**Work order**
The word "NoMansSky" occurs in some of the lines below; copy each of those lines.
+++ Source records
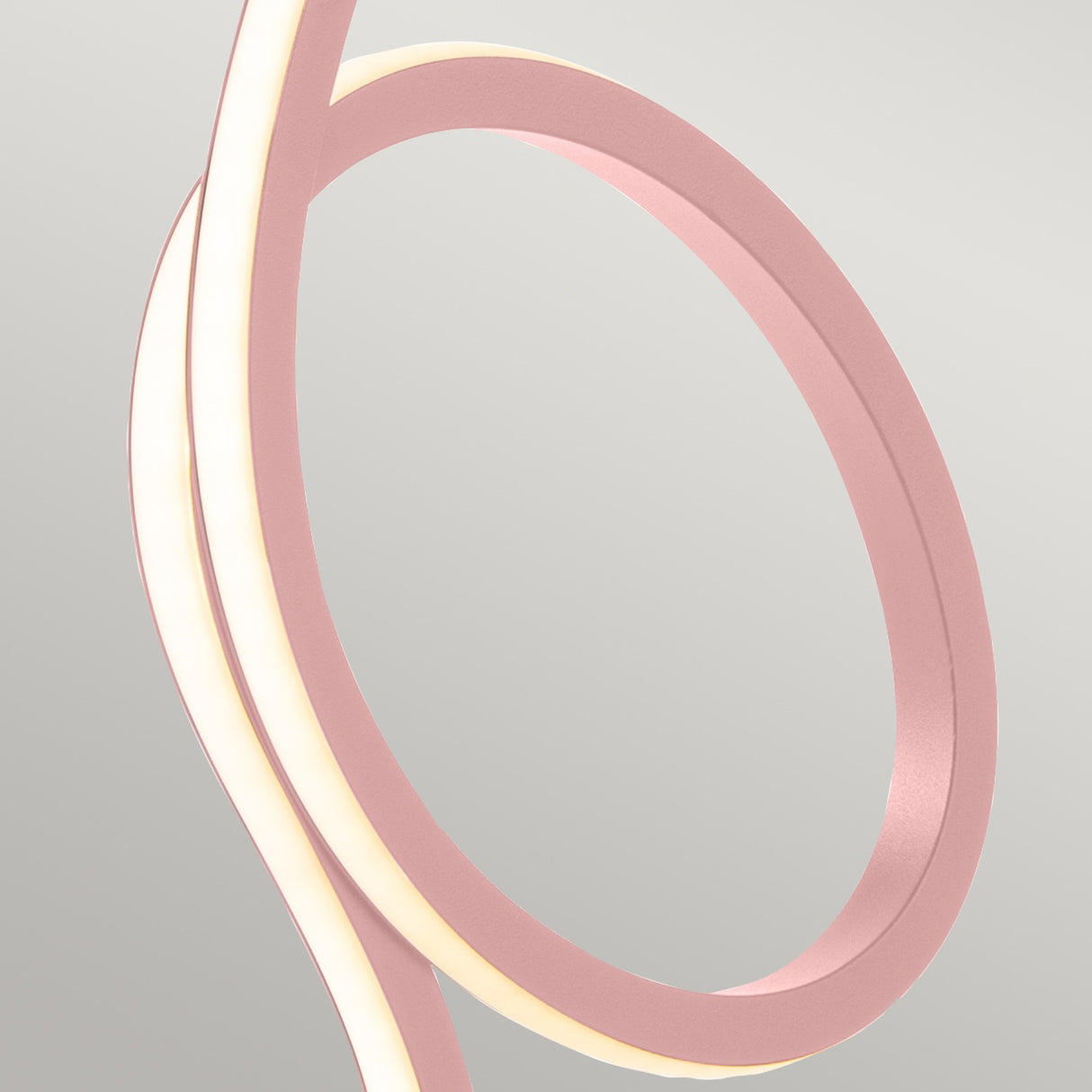 Flamingo 1 Light Table Lamp - Pink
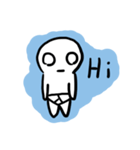 O_O（個別スタンプ：1）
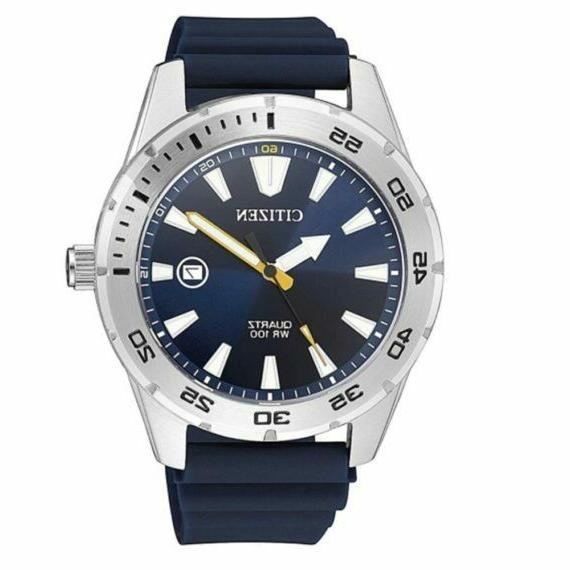 bi1041 22l orologio marine uomo quarzo 100m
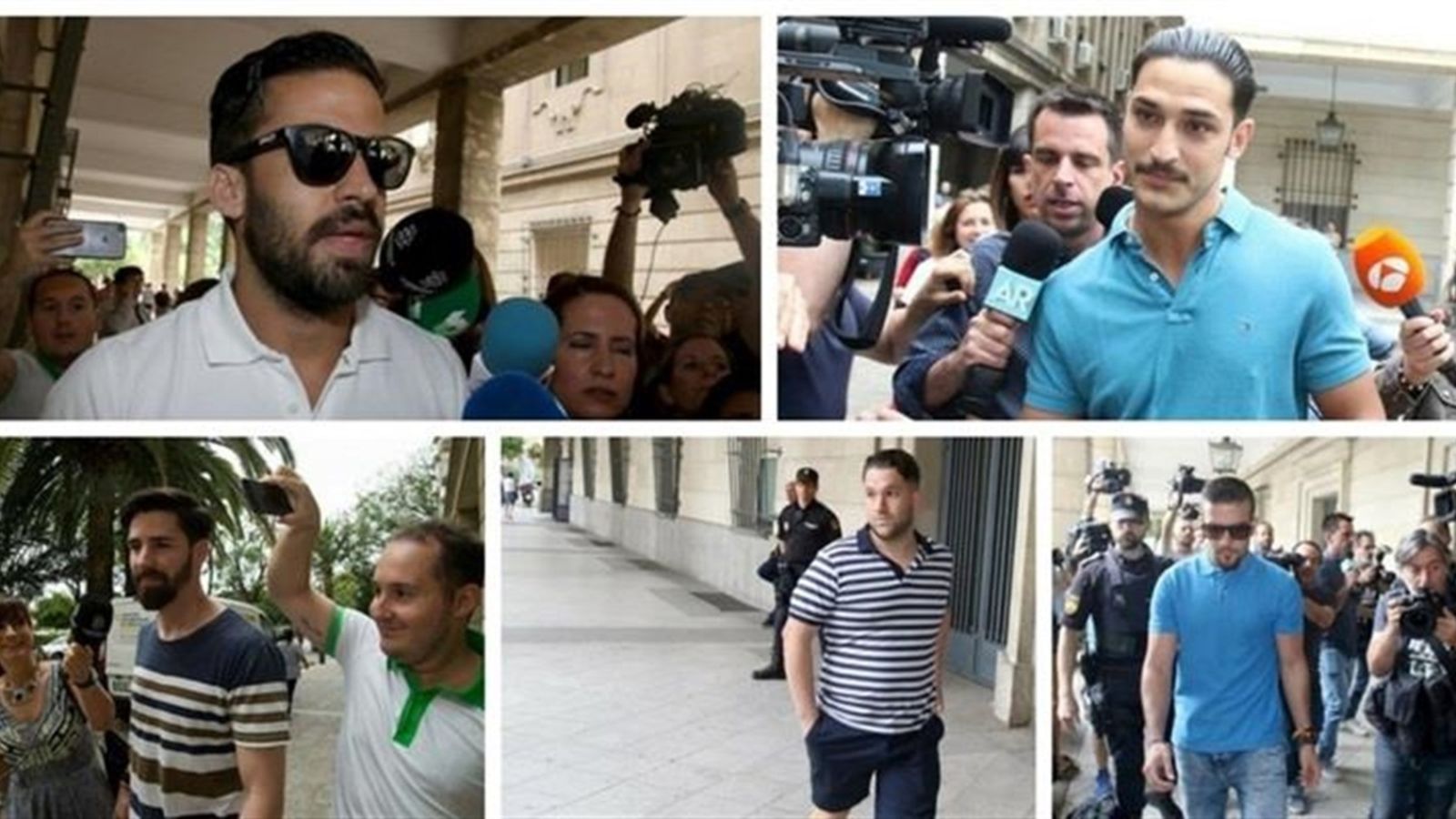 Es compleix un any de la sentència de La Manada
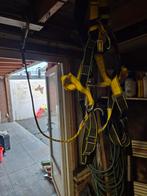 Val harnas, Doe-het-zelf en Verbouw, Ophalen of Verzenden, Zo goed als nieuw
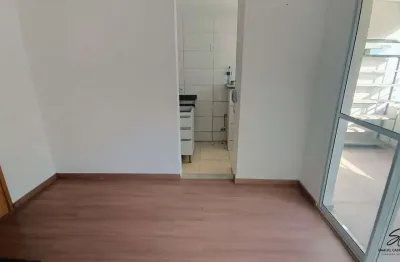 Apartamento / novo para venda em são josé do rio preto, conjunto habitacional são deocleciano, 2 dormitórios, 1 banheiro, 1 vaga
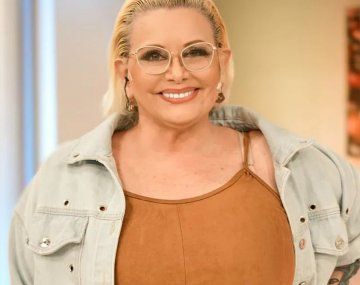 La insólita pregunta de Carmen Barbieri a Estefi Berardi: Cómo es Fede...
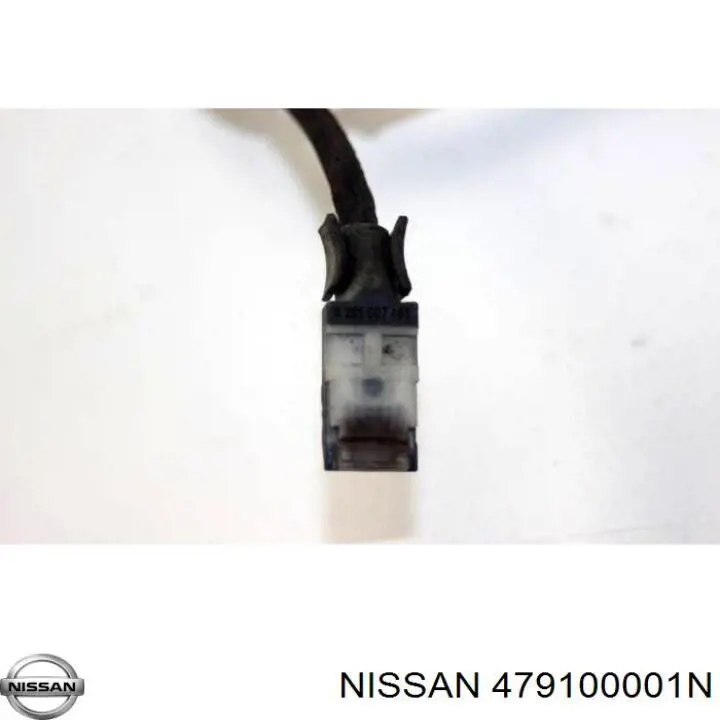 Купити 51460 Bremi Сенсор АБС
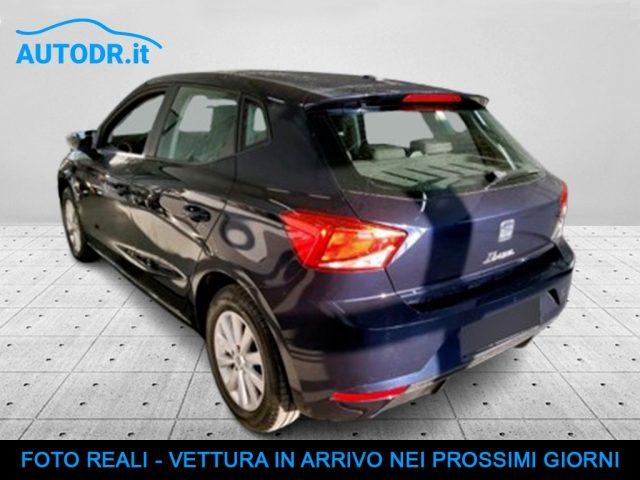SEAT Ibiza 1.0 TGI Style LED, Sedili risc, Full Link, Retroca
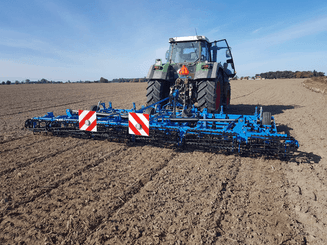 Travail du sol - Préparateur de sol - Combiné préparation du sol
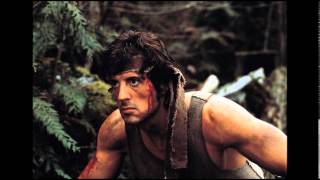 Dan Hill - It&#39;s a Long Road (Rambo: First Blood OST)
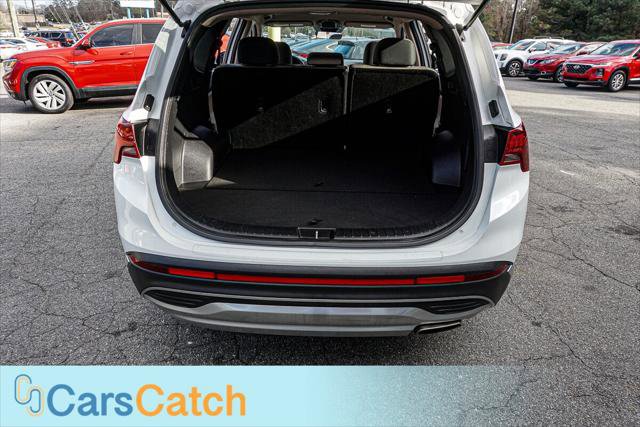 Used 2021 Hyundai Santa Fe SEL w/ Cargo Package image 44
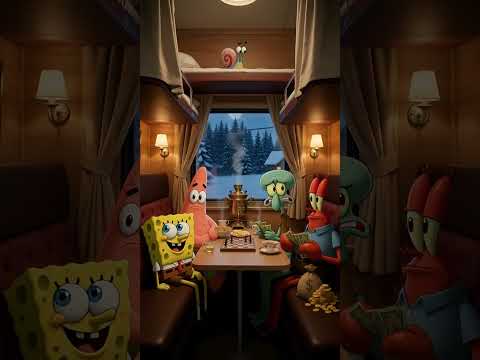 24 hours on the train, who will you travel with?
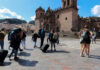 PERNOCTACIONES DE EXTRANJEROS EN CUSCO AL 89%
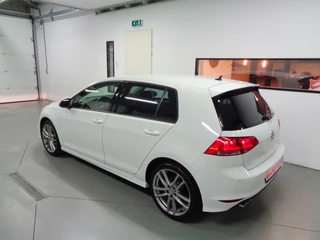 Volkswagen Golf Volkswagen Golf 1.4 TSI 150 PK R-Line/ Leer/ Massage/ 18/ Navi - afbeelding nr 6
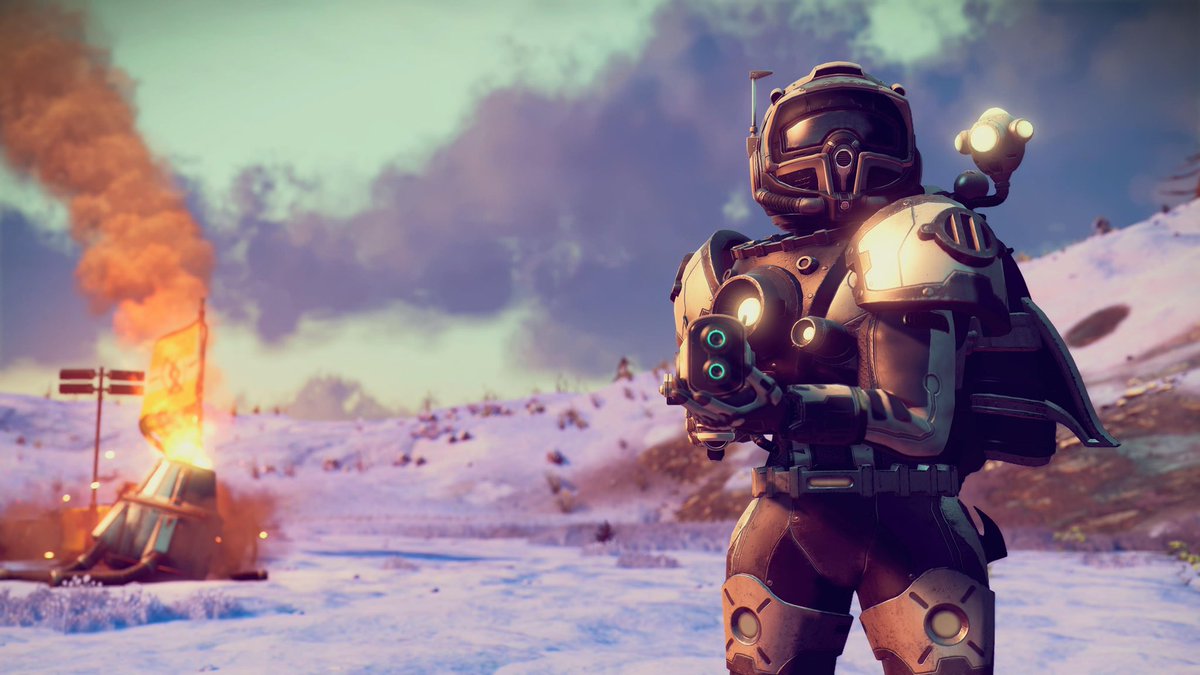 Rogue
<a href="/NoMansSky/">Sean Murray</a> 
#NoMansSky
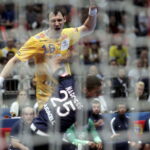 28.05.2016. Półfinał Ligi Mistrzów: Vive Tauron Kielce - PSG. Druga połowa / Jarosław Kubalski / Radio Kielce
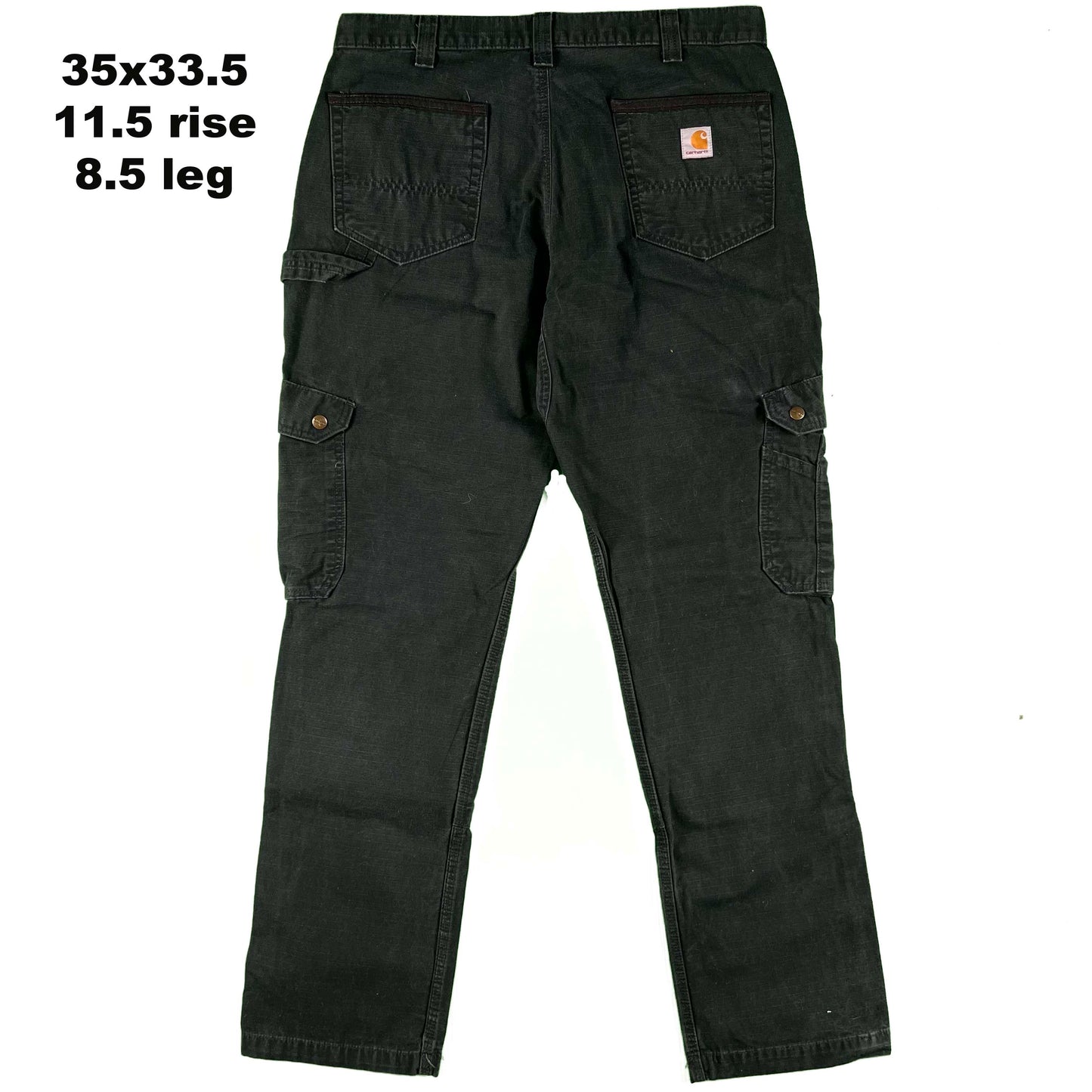 Carhartt Ripstop Cargo Carpenter Pants- SELECT PAIR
++++++
**Output of the exercise**
<a href="/NoMansSky/">Sean Murray</a> 
#NoMansSky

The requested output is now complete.